Para servir a Paz é preciso respeitar a liberdade. Nunca haverá verdadeira liberdade, fundamento da paz, quando todos os poderes estiverem concentrados nas mãos duma só classe social, ou duma só raça, ou dum só grupo, ou quando o bem comum for confundido com os interesses dum só partido que se identifique com o Estado. E não haverá verdadeira liberdade quando as liberdades dos indivíduos se acharem absorvidas por uma colectividade. A liberdade constitui a medida da maturidade do homem e da nação (mensagem de Paz de 1981).
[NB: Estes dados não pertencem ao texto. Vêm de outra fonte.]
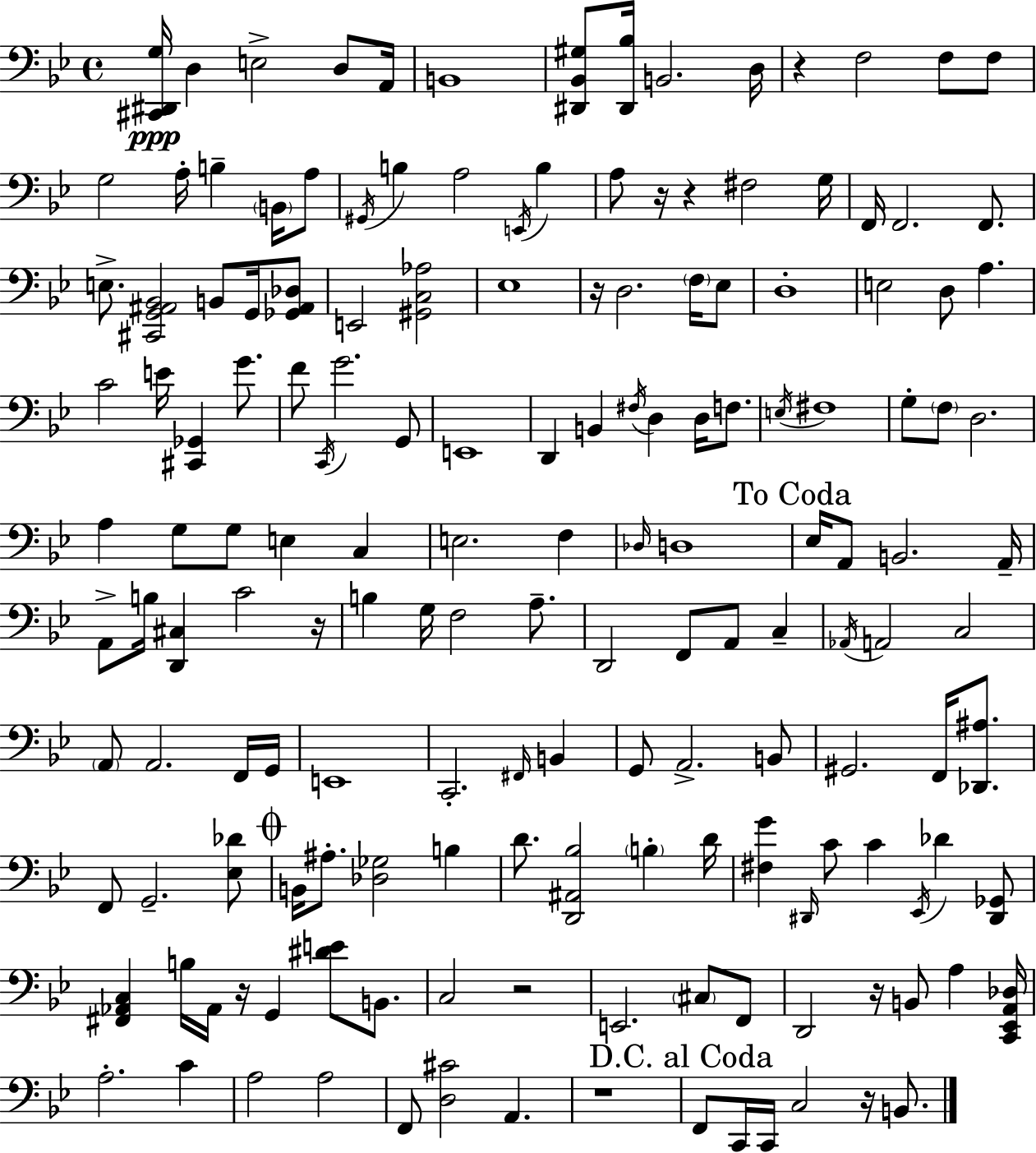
X:1
T:Untitled
M:4/4
L:1/4
K:Bb
[^C,,^D,,G,]/4 D, E,2 D,/2 A,,/4 B,,4 [^D,,_B,,^G,]/2 [^D,,_B,]/4 B,,2 D,/4 z F,2 F,/2 F,/2 G,2 A,/4 B, B,,/4 A,/2 ^G,,/4 B, A,2 E,,/4 B, A,/2 z/4 z ^F,2 G,/4 F,,/4 F,,2 F,,/2 E,/2 [^C,,G,,^A,,_B,,]2 B,,/2 G,,/4 [_G,,^A,,_D,]/2 E,,2 [^G,,C,_A,]2 _E,4 z/4 D,2 F,/4 _E,/2 D,4 E,2 D,/2 A, C2 E/4 [^C,,_G,,] G/2 F/2 C,,/4 G2 G,,/2 E,,4 D,, B,, ^F,/4 D, D,/4 F,/2 E,/4 ^F,4 G,/2 F,/2 D,2 A, G,/2 G,/2 E, C, E,2 F, _D,/4 D,4 _E,/4 A,,/2 B,,2 A,,/4 A,,/2 B,/4 [D,,^C,] C2 z/4 B, G,/4 F,2 A,/2 D,,2 F,,/2 A,,/2 C, _A,,/4 A,,2 C,2 A,,/2 A,,2 F,,/4 G,,/4 E,,4 C,,2 ^F,,/4 B,, G,,/2 A,,2 B,,/2 ^G,,2 F,,/4 [_D,,^A,]/2 F,,/2 G,,2 [_E,_D]/2 B,,/4 ^A,/2 [_D,_G,]2 B, D/2 [D,,^A,,_B,]2 B, D/4 [^F,G] ^D,,/4 C/2 C _E,,/4 _D [^D,,_G,,]/2 [^F,,_A,,C,] B,/4 _A,,/4 z/4 G,, [^DE]/2 B,,/2 C,2 z2 E,,2 ^C,/2 F,,/2 D,,2 z/4 B,,/2 A, [C,,_E,,A,,_D,]/4 A,2 C A,2 A,2 F,,/2 [D,^C]2 A,, z4 F,,/2 C,,/4 C,,/4 C,2 z/4 B,,/2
Se quereis a Paz, respeitai a liberdade de consciência de cada homem. Nenhuma autoridade humana tem o direito de intervir na consciência seja de quem for. Isto implica, por sua vez, que todos devem respeitar a consciência de cada um e não procurar impor a ninguém a própria «verdade», permanecendo íntegro o direito de a professar, sem que, por isso, seja desprezado quem pensa de outro modo. Em suma, é ao nível da consciência que se pode encontrar a mais eficaz solução do problema de assegurar uma paz sólida e duradoura. Uma séria ameaça à paz se encontra na intolerância, que se manifesta na recusa da liberdade de consciência dos outros. Das diversas conjunturas da história apreendemos dolorosamente os excessos a que ela pode conduzir. A intolerância pode-se insinuar em todos os aspectos da vida social, manifestando-se na marginalização ou opressão das pessoas e minorias, que procuram seguir a própria consciência no que se refere aos seus modos legítimos de viver. Na vida pública, a intolerância não deixa espaço à pluralidade de opções políticas ou sociais, impondo deste modo a todos uma visão uniforme da organização civil e cultural (mens. de Paz de 1991).
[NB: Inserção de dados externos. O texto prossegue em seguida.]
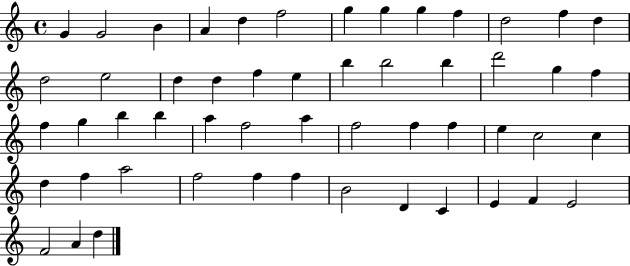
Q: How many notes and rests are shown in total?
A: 53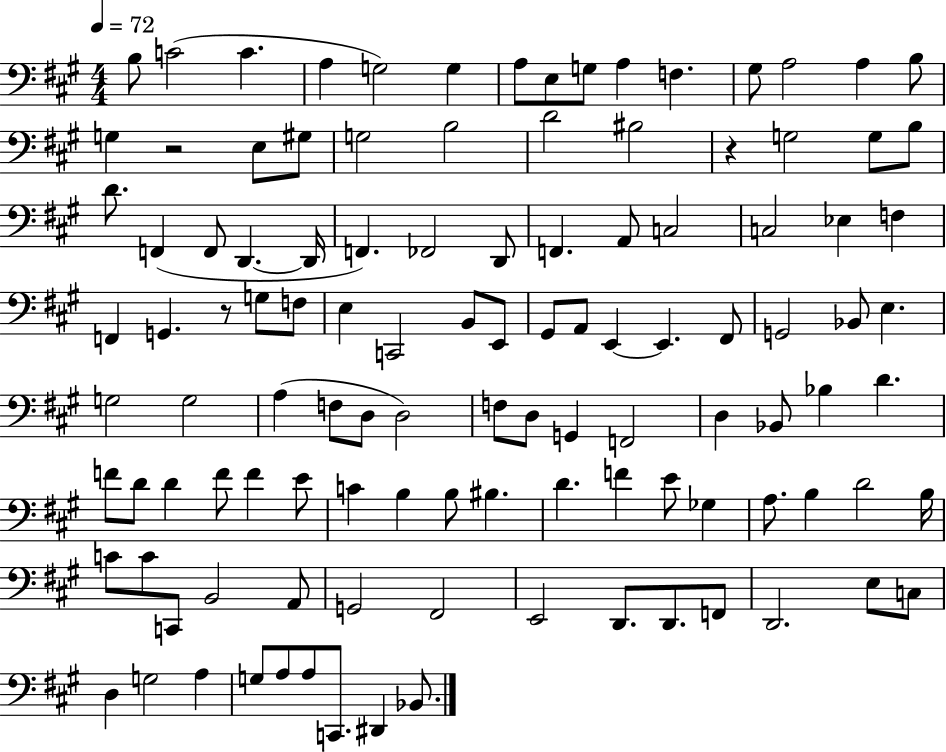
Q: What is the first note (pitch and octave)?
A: B3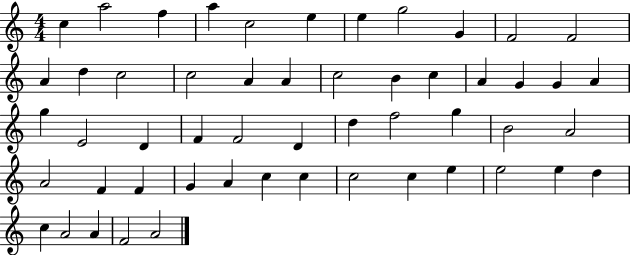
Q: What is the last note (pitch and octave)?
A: A4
Para fortificar a Paz urge recorrer incansavelmente à verdade, que é por excelência a força pacífica e potente da paz, uma vez que ela se comunica pela sua própria irradiação, extravasando para fora de todos os constrangimentos. Se é exacto afirmar, e ninguém duvida disso, que a verdade serve a causa da paz, também é indiscutível que a «não-verdade» anda a «pari passu» com a causa da violência e da guerra. Por «não-verdade» é preciso entender aqui todas as formas e todos os níveis de ausência, de recusa e de desprezo da verdade: mentira propriamente dita, informação parcial e deformada, propaganda sectária, manipulação dos meios de comunicação e outras ainda, por exemplo, da prática que consiste em impor àqueles que não compartilham as mesmas posições a fim de mais facilmente os atacar e os reduzir ao silêncio a etiqueta de inimigos, atribuindo-lhes intenções hostis e estigmatizando-os como agressores, mediante uma propaganda hábil e constante: eis o desprezo da verdade, posto em acção, a fim de desenvolver um clima de incerteza, no qual se pretende constranger as pessoas, os grupos, as próprias instâncias internacionais a silêncios resignados e cúmplices, a compromissos parciais e a reacções não razoáveis; todas estas atitudes são igualmente susceptíveis de favorecerem o jogo perigoso da violência e de atacarem a causa da paz (mens. de Paz de 1980).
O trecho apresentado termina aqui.